According to the anonymous author of its introduction, The Twenty-First Century Art Book is ‘a fascinating overview of what has been a hugely prolific period for the visual arts since the start of the new millennium’. In reality it’s a 304-page celebration of the mindless consumption of images. Who cares why the visual arts have been so ‘prolific’ during this period? Apparently not the producers of this book, who’ve simply arranged more-or-less random examples of this proliferation (one per artist included) into an A-to-Z of art’s ‘best known names’ as well as ‘many of the rising stars of the next generation’ – whatever generation that is.
Who selected these artists? Phaidon doesn’t give us any clues, merely listing two editors and four authors in the credits, and allowing the latter not much more than 150 words per artist to explain what’s going on. Thus we get a single photograph of Laurie Anderson reading a letter above a text describing ‘a sprawling installation’ [Sophie Calle’s Take Care of Yourself, 2007] featuring ‘contributions from 107 women’ and a two-sentence summary of Calle’s career since the 1970s (as if what happened before 2000 has little bearing on what happened since). Were it not for the fact that I’m holding this book in my hands, it would beggar belief that such an ill-considered exercise in publishing could even exist.
It gets worse. In that moronically worded introduction, they-who-shan’t-be-named marvel at ‘the alphabetical arrangement [of the entries, which] allows a performance by Marina Abramović to be studied next to a painting by Tomma Abts’. Did you hear that, directors of Europe’s cash-strapped museums? Why are you wasting your money on people when the alphabet is the ultimate curator? It’s free too! Let’s leave aside the fact that studying a performance from a single photograph is nigh-on impossible, and that none of the non-Western artists (most from China) included here could exactly be called emerging, and that no explanation is offered as to why one work rather than another by the same artist has been selected, and that the pathetic three-page ‘glossary’ tacked on to the end is entirely populated by the terminology of the late twentieth century (postmodernism, but not post-Internet – an omission that’s ironic given the extent to which this book is geared to an audience used to the picture + caption + link aesthetic), and… ah, screw it.

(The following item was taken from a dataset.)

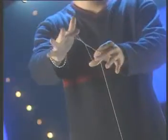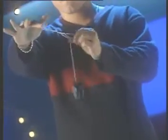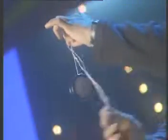repeat the loops until around 15cm of the string remains. Now wrap the knotted string several times around the single string, then release. Hey presto, no knots.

How is it possible to leave any of that aside in the way that Phaidon has? I imagine that the publishers might say that all this is as it is in order to make their book accessible to a general audience, but that’s no reason to assume that audience is stupid. Indeed it’s The Twenty-First Century Art Book that is just that. And lazy, vacuous and a total and utter insult to trees. At this point I’d apologise for wasting your time, were it not for the fact that there are too many of these brainless picture books, not all published by Phaidon, going round at the moment. But perhaps if you stop buying them, publishers will finally stop making them.